+++ Source data +++

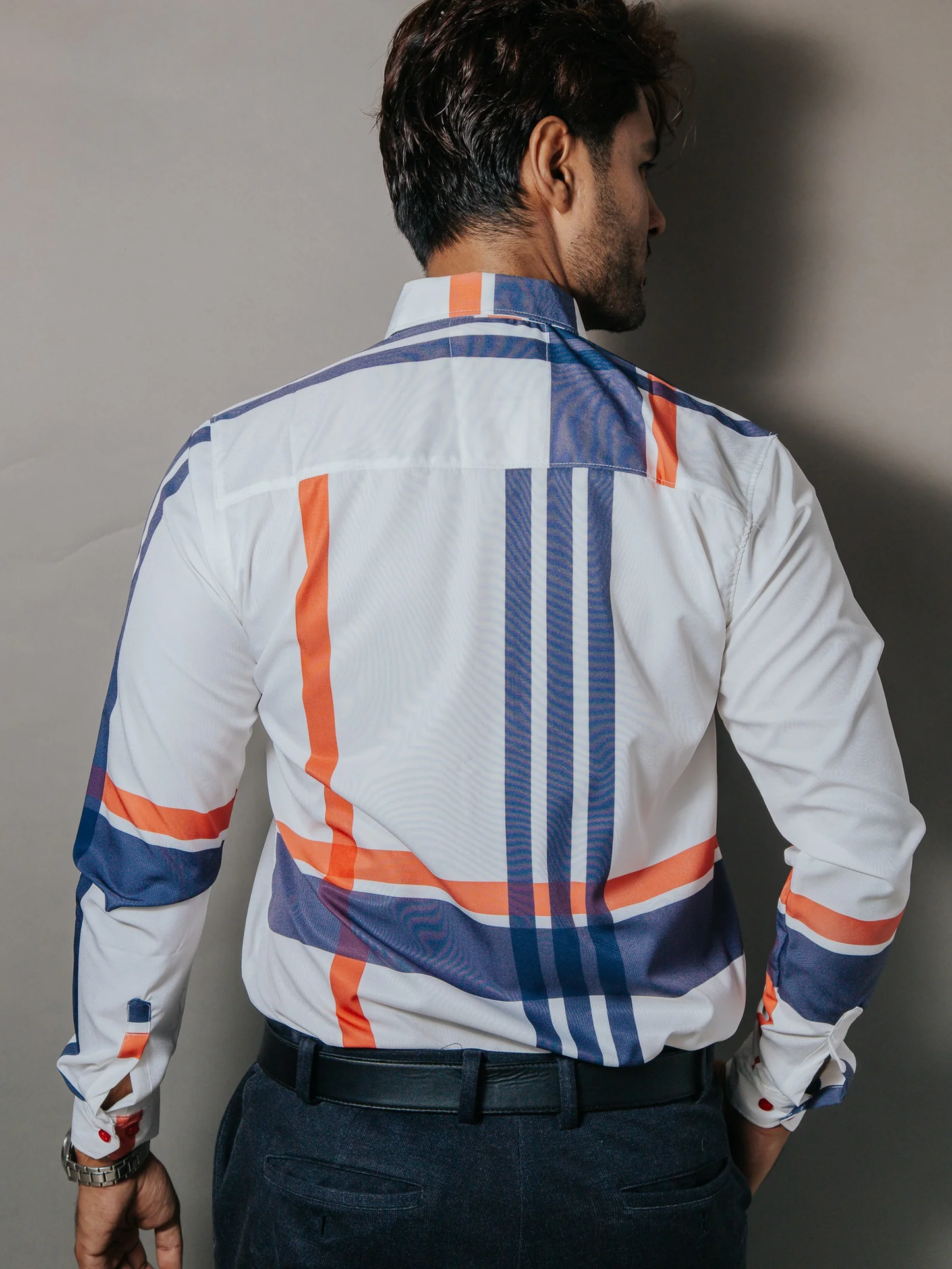 CAMISA HOMBRE CASUAL COLOR HUESO LÍNEAS AZUL Y ROJO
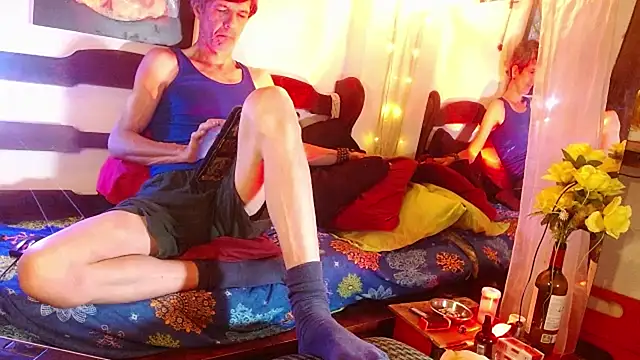 laye19 online show from February 13, 2026, 4:45 am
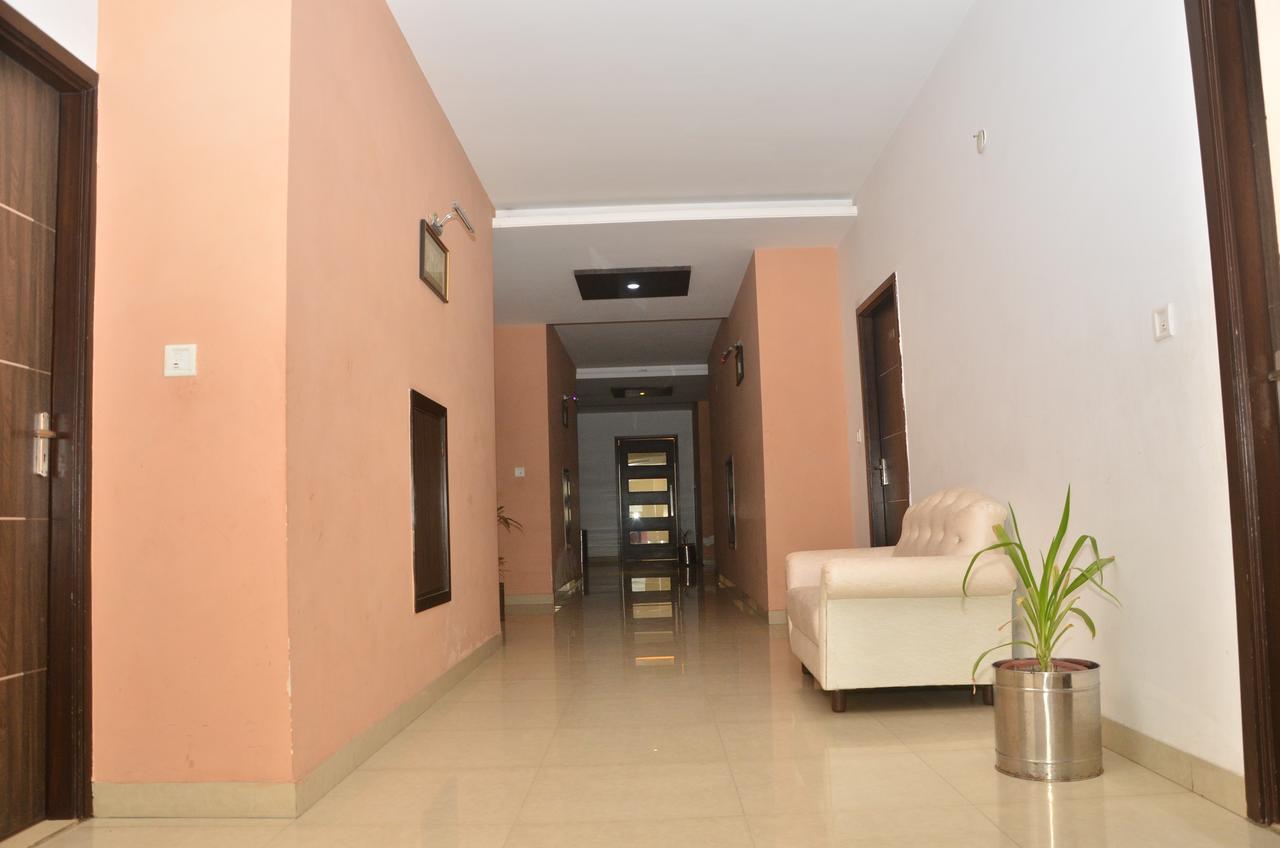 Hotel Milan Palace Amritsar Exterior photo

+++

__Problem requirements__
Please restate, word for word, the lines from the one with "laye19 online show" through the final line of the material, both included, and omit the pictures.

__Answer section__
 laye19 online show from February 13, 2026, 4:45 am
 Hotel Milan Palace Amritsar Exterior photo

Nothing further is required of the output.